Integrating GradioIngress and non-gradio endpoints

How severe does this issue affect your experience of using Ray?

  • Medium: It contributes to significant difficulty to complete my task, but I can work around it.

I’m new to Ray, but so far so good! Using the Ray Server doc examples I’ve built a “Driver” ingress deployment that dispatches (by URL) between two other deployments, one for “/embeddings” and one for “/inference”. It works well!

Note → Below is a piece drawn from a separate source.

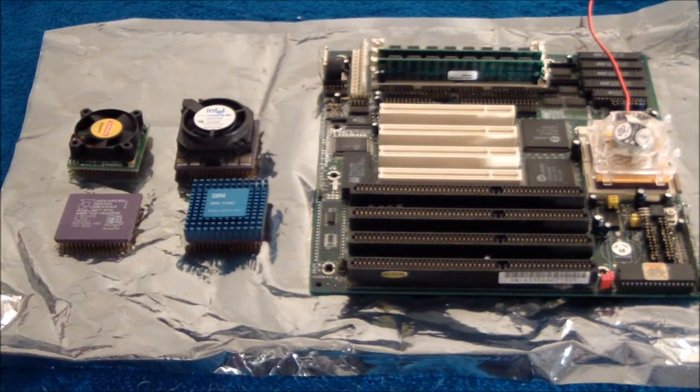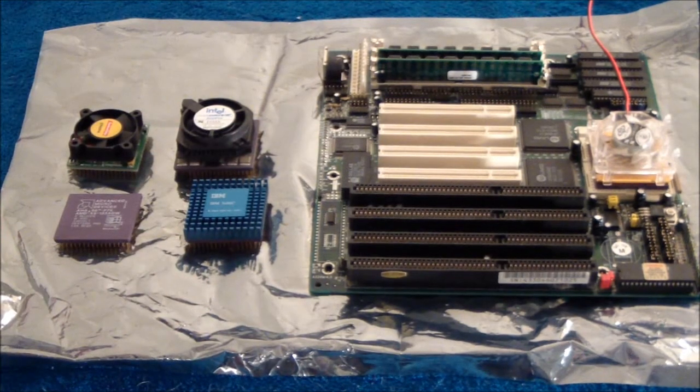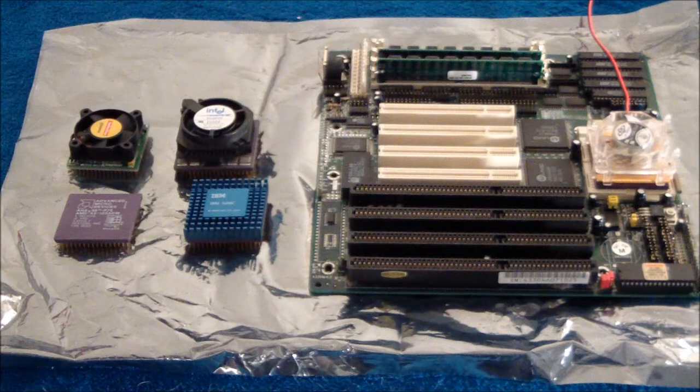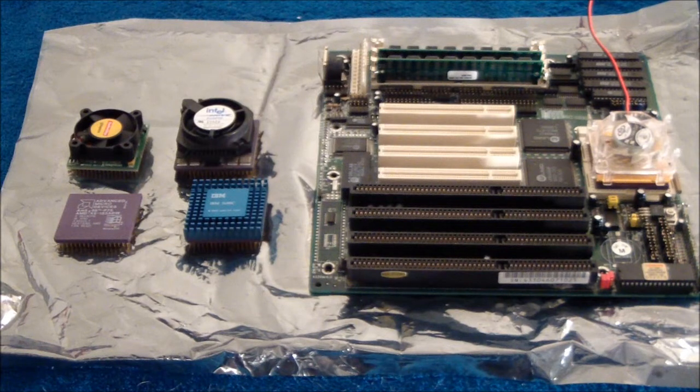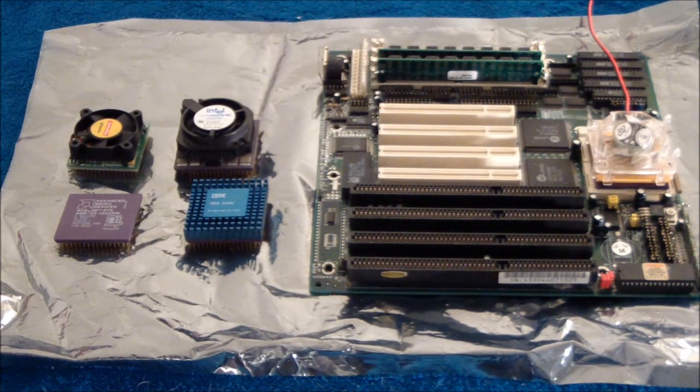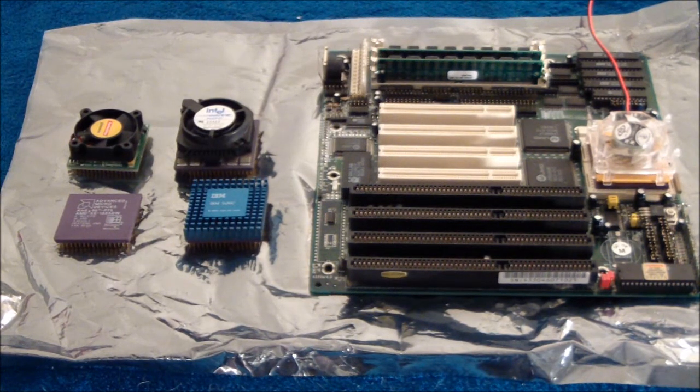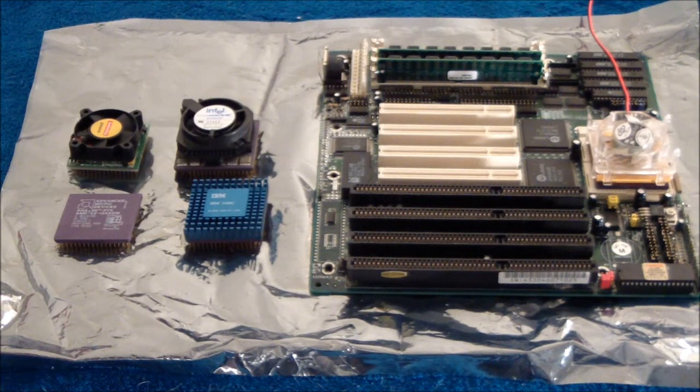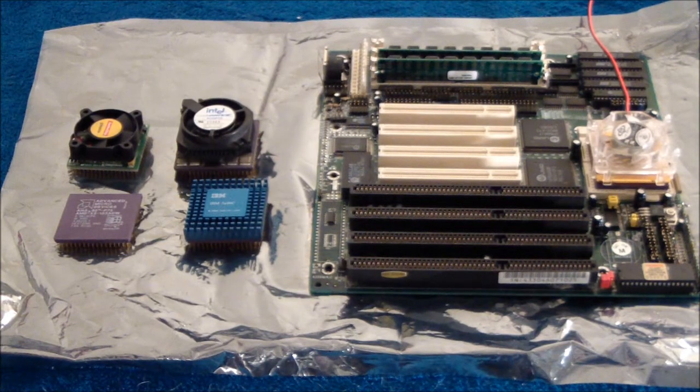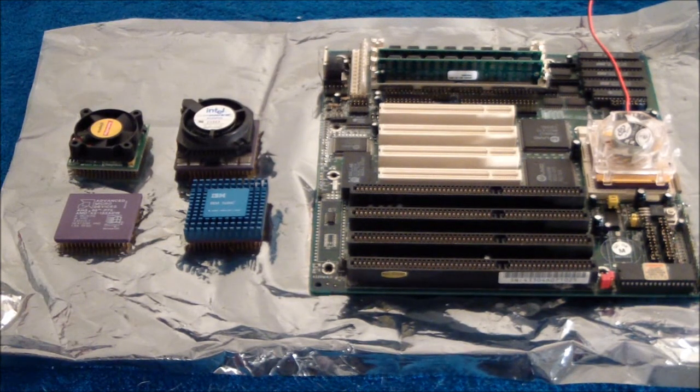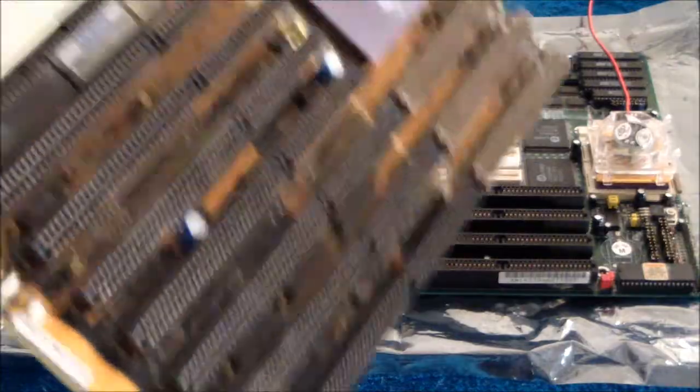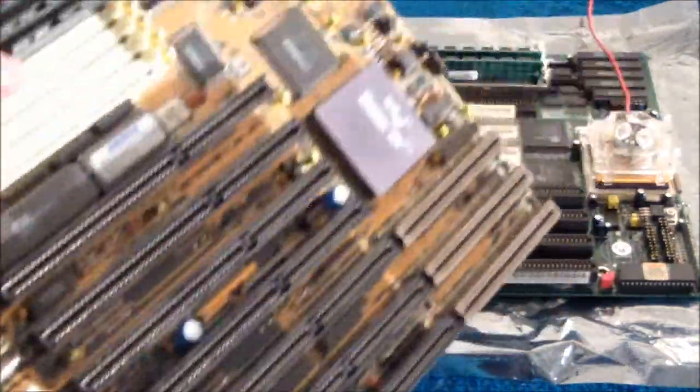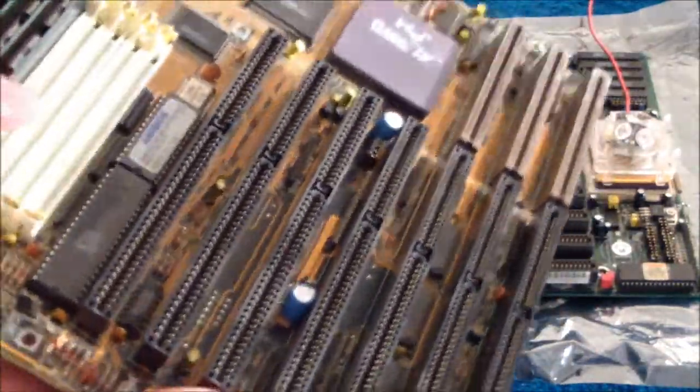For the high-end, you really want something with a Socket 3 board with PCI slots like I have right there. But the problem with this is they didn't really figure PCI out yet when Socket 3 came out, so a lot of these boards are kind of buggy.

Driver.__init__() captures the deployments, and Driver.__call__() accepts a Request and dispatches between them based on request.url.path, e.g.:

        if request.url.path.startswith('/embeddings'):
            ref = await self.embedding.classify.remote(req)
        ...
        return await ref  #produces a Response

I’d now like to serve a Gradio page under the “/chat” url. The standalone deployment works like a charm:

def gradio_builder():
    def respond(message, user_bot_history):
        return random.choice(["Yes", "No"])
    iface = gr.ChatInterface(respond)
    #without this there is a constant polling loop of some kind
    iface.config["dev_mode"] = False
    return iface

@serve.deployment(
    #route_prefix="/chat",
    ray_actor_options={"num_cpus": 0},
    autoscaling_config={"min_replicas": 1, "max_replicas": 1},
)
class MyGradioServer(GradioIngress):
    def __init__(self):
        super().__init__(gradio_builder)

deploy = MyGradioServer.bind()

Now, finally, my question; How do I combine this deployment with my Driver ingress deployment such that it supports “/embeddings”, “/inference”, and “/chat” from the same server?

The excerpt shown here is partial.